RECORDS TO PROCESS:
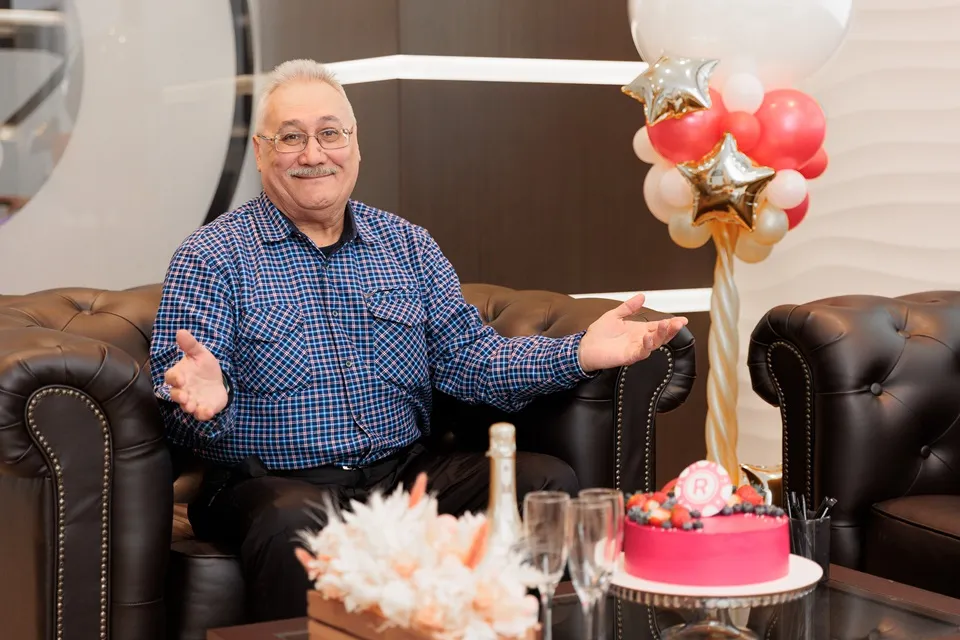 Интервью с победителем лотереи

---

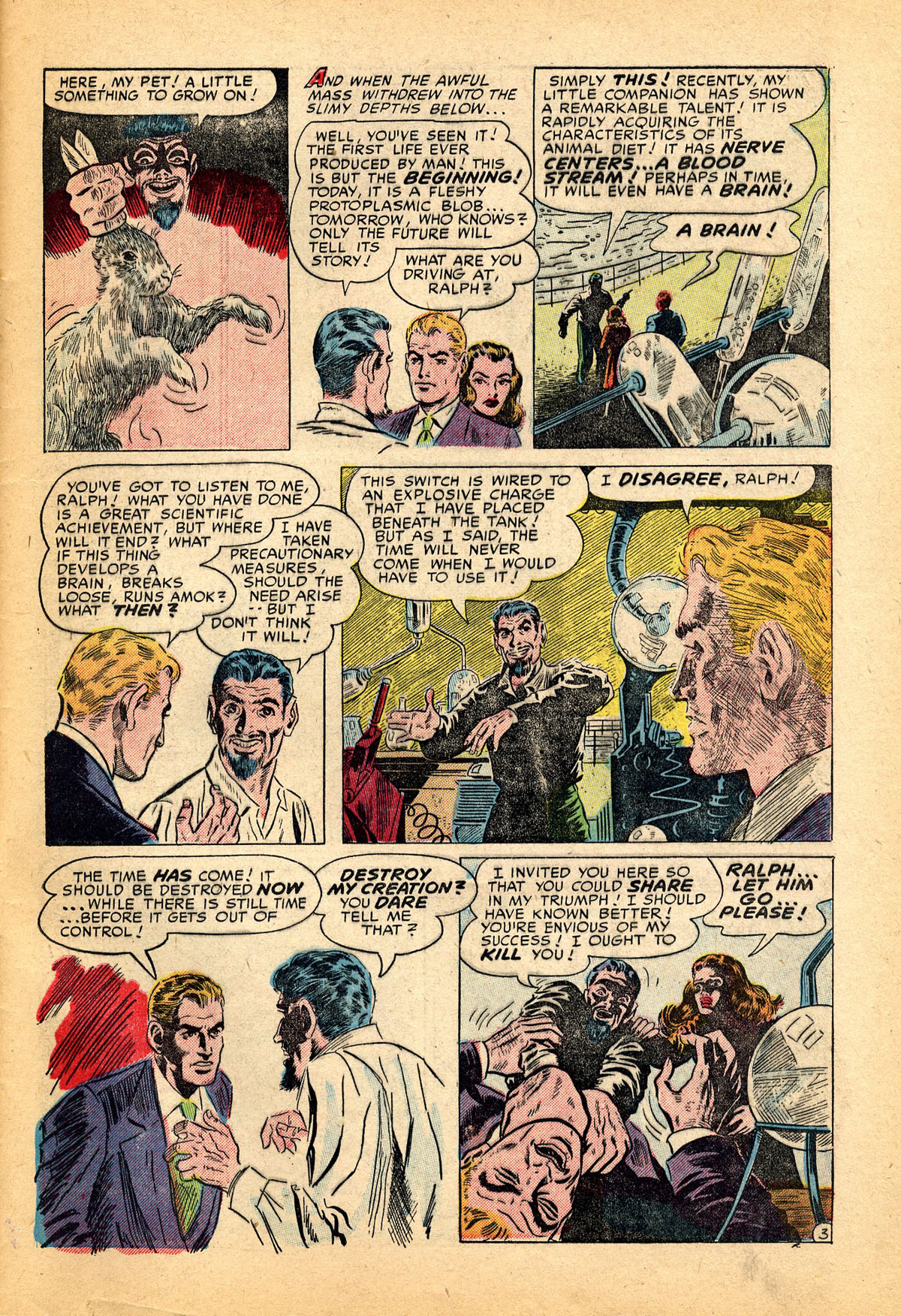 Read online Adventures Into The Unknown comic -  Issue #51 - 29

...

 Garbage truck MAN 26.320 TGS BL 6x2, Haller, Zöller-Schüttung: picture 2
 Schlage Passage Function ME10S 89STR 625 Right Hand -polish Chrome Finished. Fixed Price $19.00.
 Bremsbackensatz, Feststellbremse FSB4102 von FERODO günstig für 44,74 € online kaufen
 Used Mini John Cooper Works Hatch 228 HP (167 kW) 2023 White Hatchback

EXERCISE: Using the entries above, repeat only the lines from the one containing "Schlage Passage Function" through the one containing "Used Mini John", end lines included.

REPLY:
 Schlage Passage Function ME10S 89STR 625 Right Hand -polish Chrome Finished. Fixed Price $19.00.
 Bremsbackensatz, Feststellbremse FSB4102 von FERODO günstig für 44,74 € online kaufen
 Used Mini John Cooper Works Hatch 228 HP (167 kW) 2023 White Hatchback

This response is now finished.